I do think that the game is very melancholy. But I *like* melancholy stories, even though I dislike depressing ones. Hence, aside from a few squeamish moments, I loved the movie The Wrestler, but found Requiem for a Dream unwatchable.

- One of the reasons I wanted the setting (and the story) to be this way is that in post-apocalyptic games (and, to a lesser degree, fiction), the story tends to take place after the world has hit rock bottom and is back on the way up. Here, things are still on a downward path, although maybe the decline is decelerating. (In other words, negative velocity, positive acceleration.)

- The sun? The wind? The rain also implies rivers and hydroelectric power, and if this is actually earth, the moon means the tides are still in motion, even if everything in the sea is dead. I like the game and style but I never understood the power crisis thing, all these power generating technologies are trivially simple compared to stuff like anti-gravity and self-evaluating AI.

I'm not sure anyone has anti-gravity (Crispin uses some sort of a mag-lev system), but this is a fair criticism. That said, Metropol has wind turbines visible when you take the train past the city. There's no evidence of standing water sufficient to do water power, certainly not close enough to Metropol to be viable. Doesn't really address the solar issue, although you don't see much evidence of the sun shining brightly, so maybe there's some issue there.

In my mind all the non-renewable resources were gone and for whatever reason they couldn't find a way to make the renewable ones work. I realize that the first half of this runs into a problem with the diesel generator (!!), but that was really a matter of artistic convenience -- it wouldn't have resonated quite the same way if it were a silent fuel cell or something.

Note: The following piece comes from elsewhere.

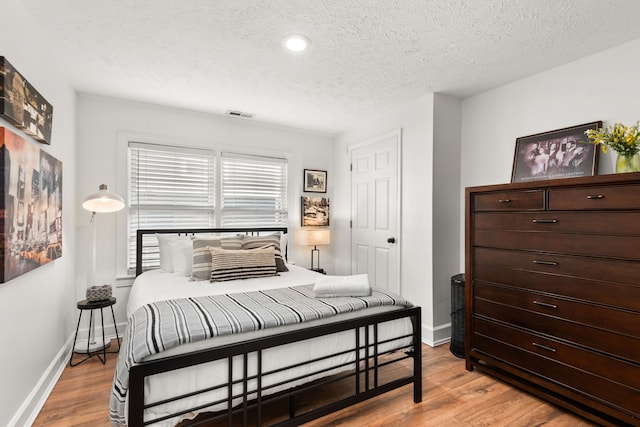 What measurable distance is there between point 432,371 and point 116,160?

- Why did Metropol decide to attack Urbani anyways? All it did was lead to retaliation. I wonder if it was humans or a machine who decided to kill off the Urbani humans.
As for the last question, absolutely the humans: it's stated a couple of times that Metropolitan humans didn't trust machines with handling military decision-making.

As for their reasons, who knows? It's deliberately opaque. One reading is that they learned of the Thanatos virus and feared it decisively tipped power in Urbani's favor and had to do a first strike. But for all we know, there were Urbanian atrocities that prompted the attack. They also may have assumed (erroneously) that Urbani had no military-decision-making AIs, sine Metropol had none.

-Yeah, I'm aware of the incredible resilience and variety of life -- one of the more interesting examples is how the Chernobyl area thrives with natural life.

I think in general, while we made a reasonable effort to have a patina of scientific plausibility in Primordia, asking the game to make sense scientifically is probably a futile request. It's more a fable than a piece of hard SF, and I'm not sure the total elimination of organic life or the lack of renewable power sources* is the biggest problem. The game is rife with dodginess -- if you push too hard on the timeline, it more or less topples over, which is why everything is left so vague. "Power" in Primordia is symbolic -- it's energy and political authority and physical force. But it's also the lifeblood of robots, and if it were easily renewable, the plot wouldn't much work. Likewise, the world's lifelessness** is thematically important because I didn't want the game to be about averting or undoing ecological calamity. Basically, these themes trumped realism.

* I suppose one explanation could be that the humans hardcoded robots not to be able to build renewable power sources as a Jurassic Park solution to the Matrix problem.

** There's no reason, of course, that the setting has to be lifeless on a bacterial level. Just everything from insects up.